* [What the task requires]:
Write back, word for word, the lines from the one containing "Nissan VERSA 2024 — Copart" to the end of the listing below. Include nothing else, and no pictures.
>>>
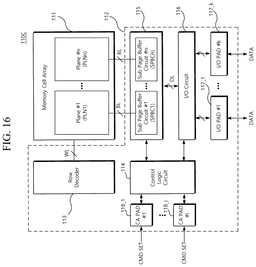EMI-D00022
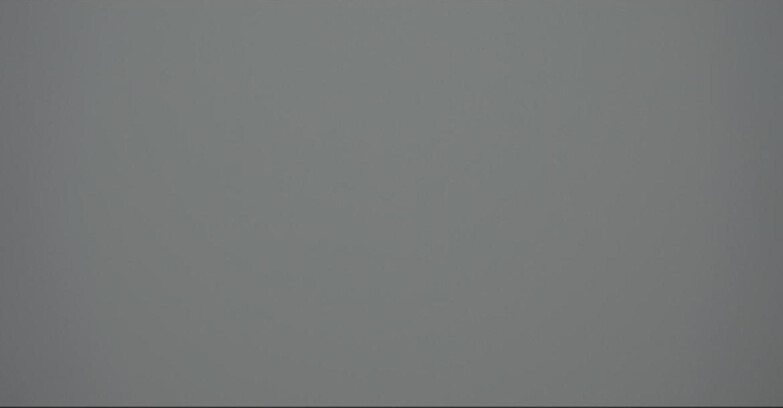 Webcam Pampeago  - Predazzo -  Obereggen - Rifugio Latemar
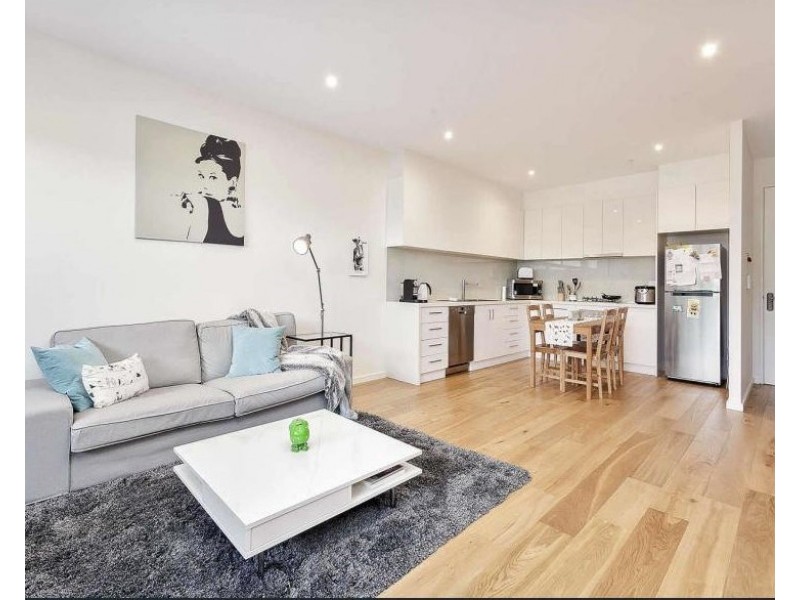 19/187 Reynolds Road, Doncaster East VIC 3109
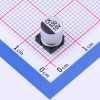 330uF 10V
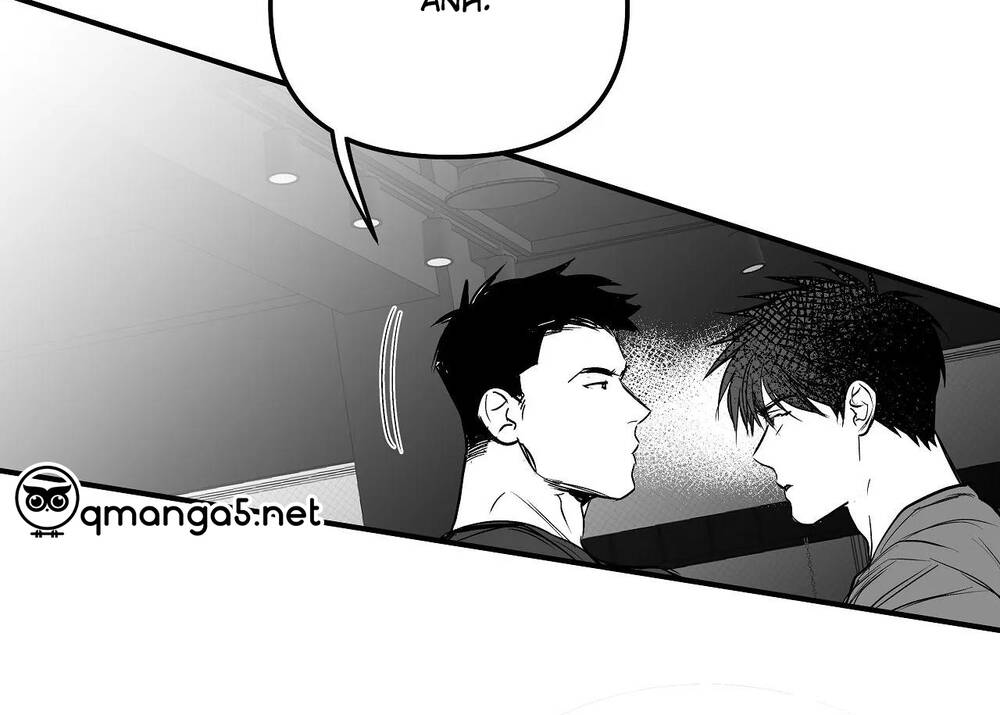 Chương 91 - Trang 43
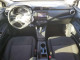 Nissan VERSA 2024 — Copart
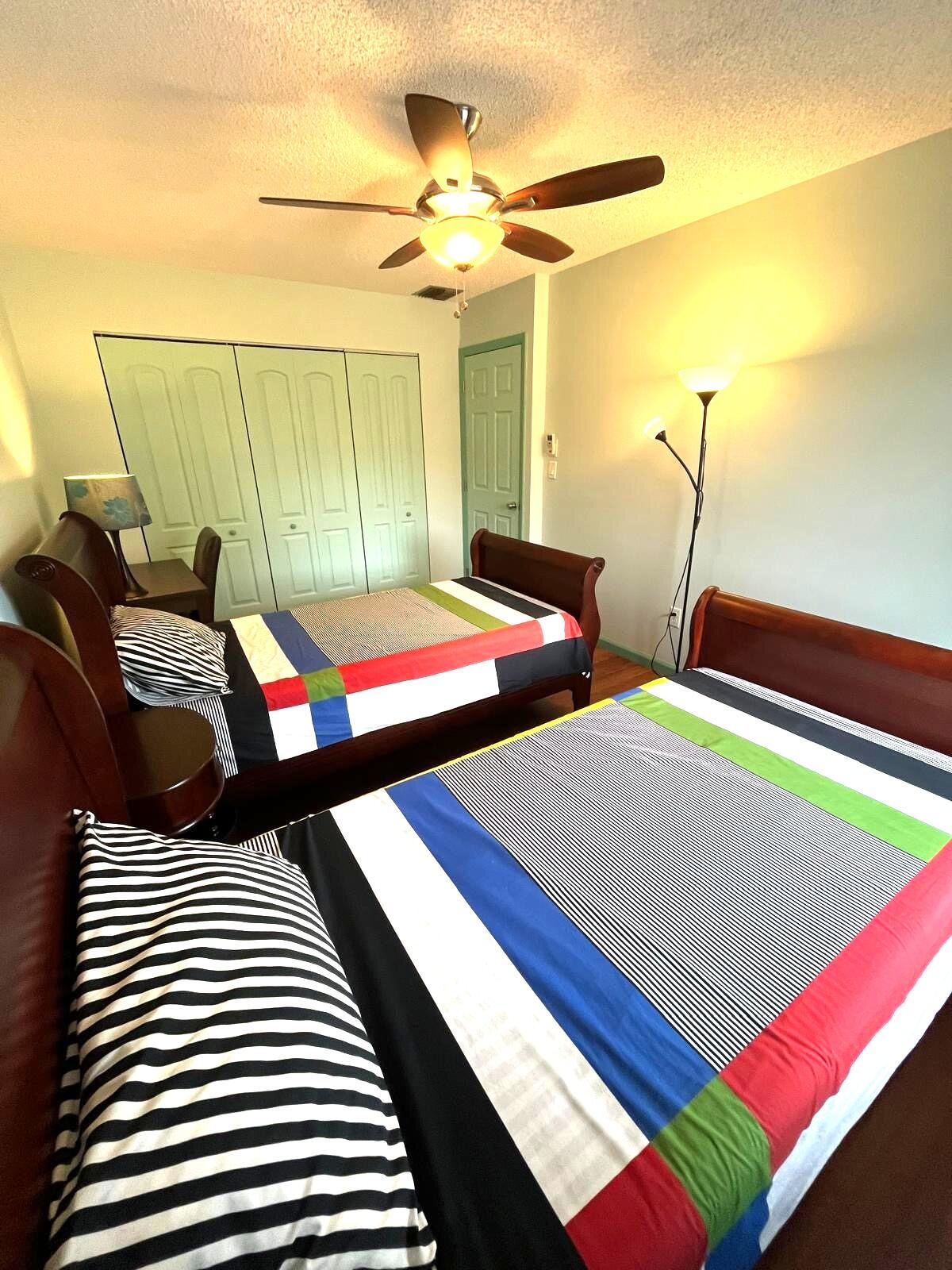 MANORS TOWNHOUSE - Residential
<<<
* [Your solution]:
 Nissan VERSA 2024 — Copart
 MANORS TOWNHOUSE - Residential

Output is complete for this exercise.